[Input material Boundary: Start]

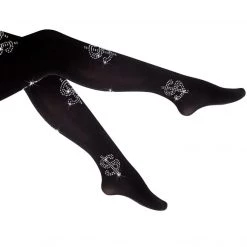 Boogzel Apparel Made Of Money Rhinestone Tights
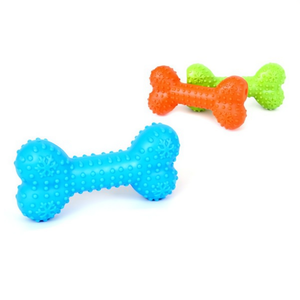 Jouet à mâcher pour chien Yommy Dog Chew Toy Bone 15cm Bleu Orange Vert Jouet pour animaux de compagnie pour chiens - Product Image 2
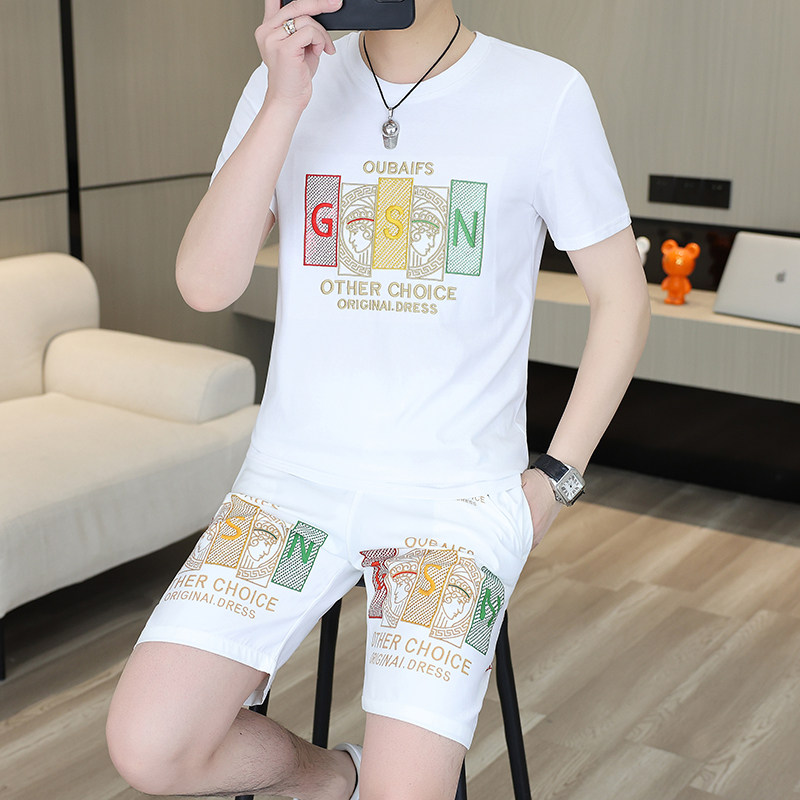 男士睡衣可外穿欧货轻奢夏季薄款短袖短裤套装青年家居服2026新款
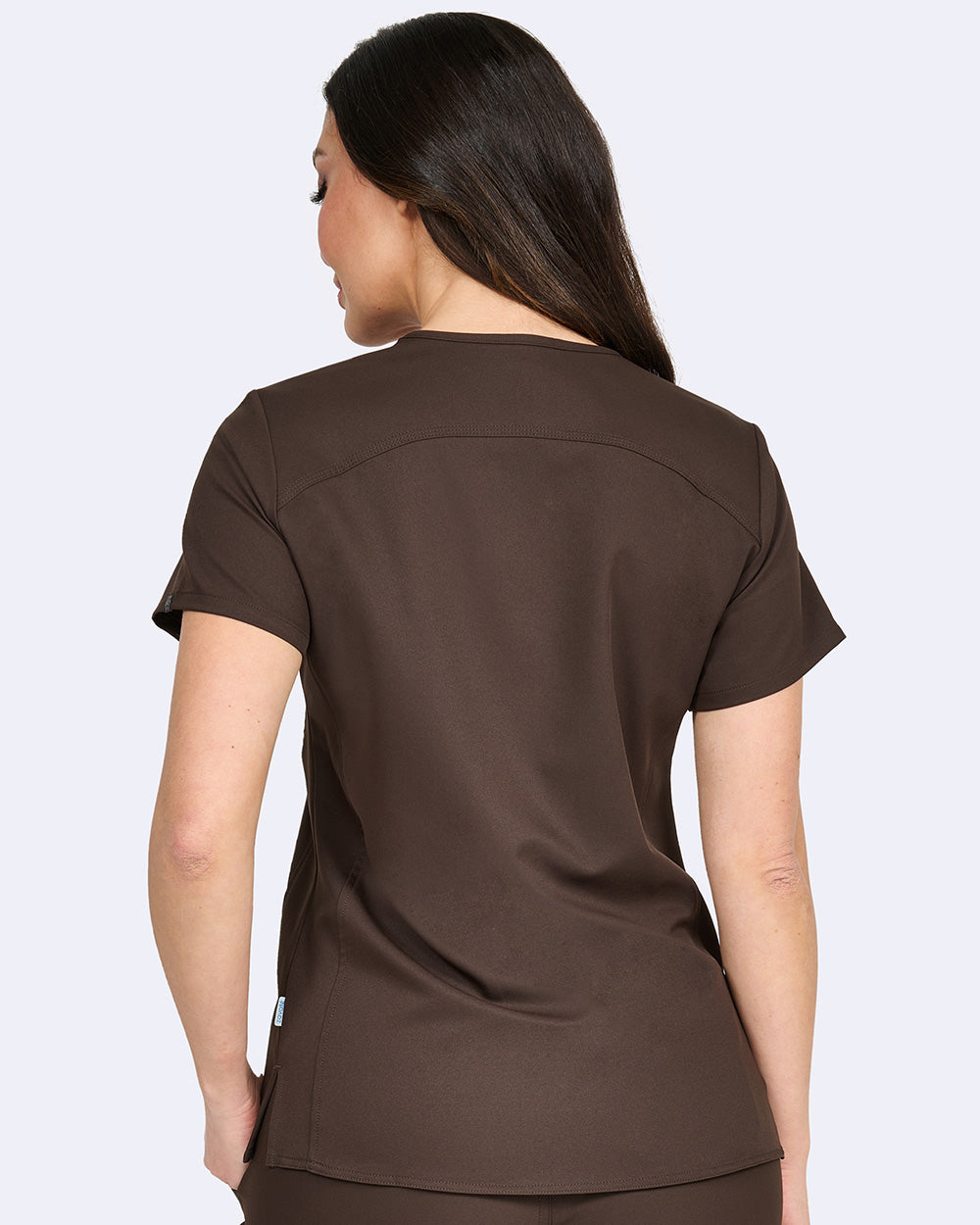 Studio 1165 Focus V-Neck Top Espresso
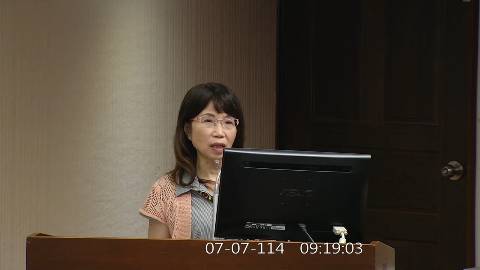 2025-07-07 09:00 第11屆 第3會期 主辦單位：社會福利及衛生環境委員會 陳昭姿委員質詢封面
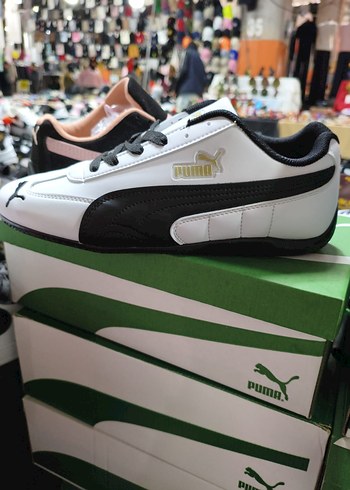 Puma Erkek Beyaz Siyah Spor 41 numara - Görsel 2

[Input material Boundary: End]
[Input material Boundary: Start]

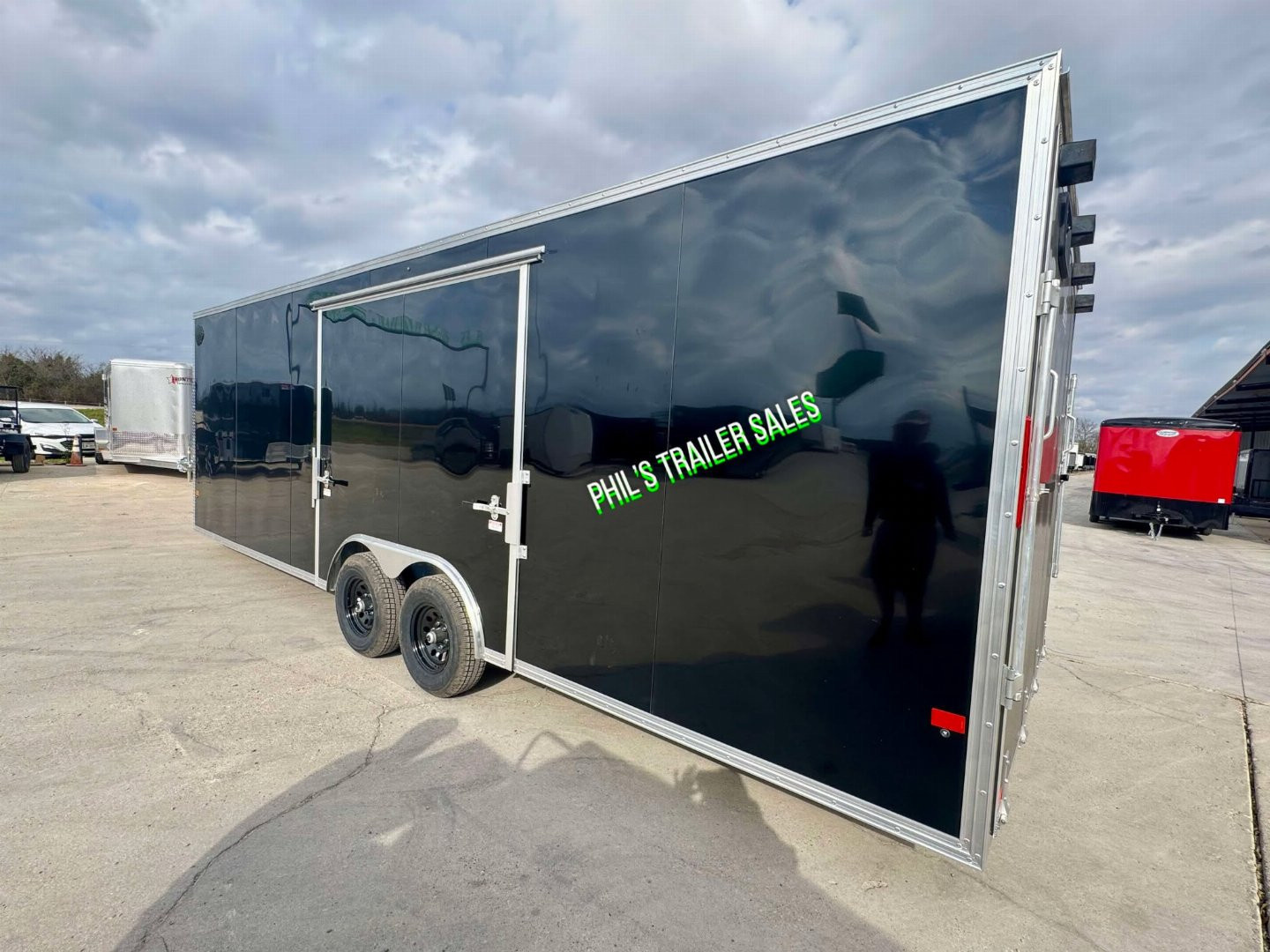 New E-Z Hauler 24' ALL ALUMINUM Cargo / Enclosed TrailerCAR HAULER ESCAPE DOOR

[Input material Boundary: End]
[Input material Boundary: Start]

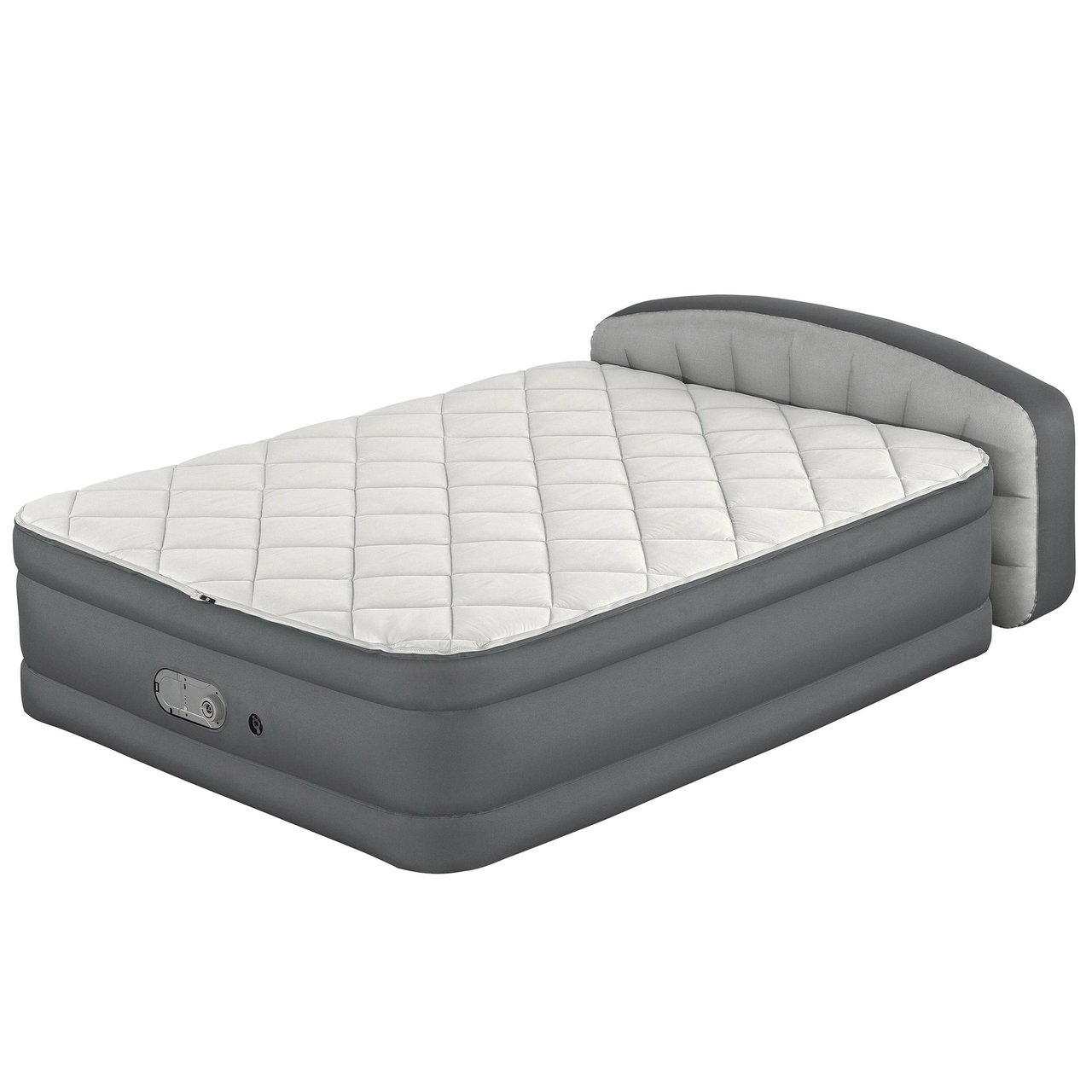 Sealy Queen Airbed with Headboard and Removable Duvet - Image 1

[Input material Boundary: End]

> **Exercise instructions**
For this task, return exactly the stretch of the listing above from the line with "Boogzel Apparel Made" through the line with "Puma Erkek Beyaz", inclusive and without pictures.

> **Task result**
 Boogzel Apparel Made Of Money Rhinestone Tights
 Jouet à mâcher pour chien Yommy Dog Chew Toy Bone 15cm Bleu Orange Vert Jouet pour animaux de compagnie pour chiens - Product Image 2
 男士睡衣可外穿欧货轻奢夏季薄款短袖短裤套装青年家居服2026新款
 Studio 1165 Focus V-Neck Top Espresso
 2025-07-07 09:00 第11屆 第3會期 主辦單位：社會福利及衛生環境委員會 陳昭姿委員質詢封面
 Puma Erkek Beyaz Siyah Spor 41 numara - Görsel 2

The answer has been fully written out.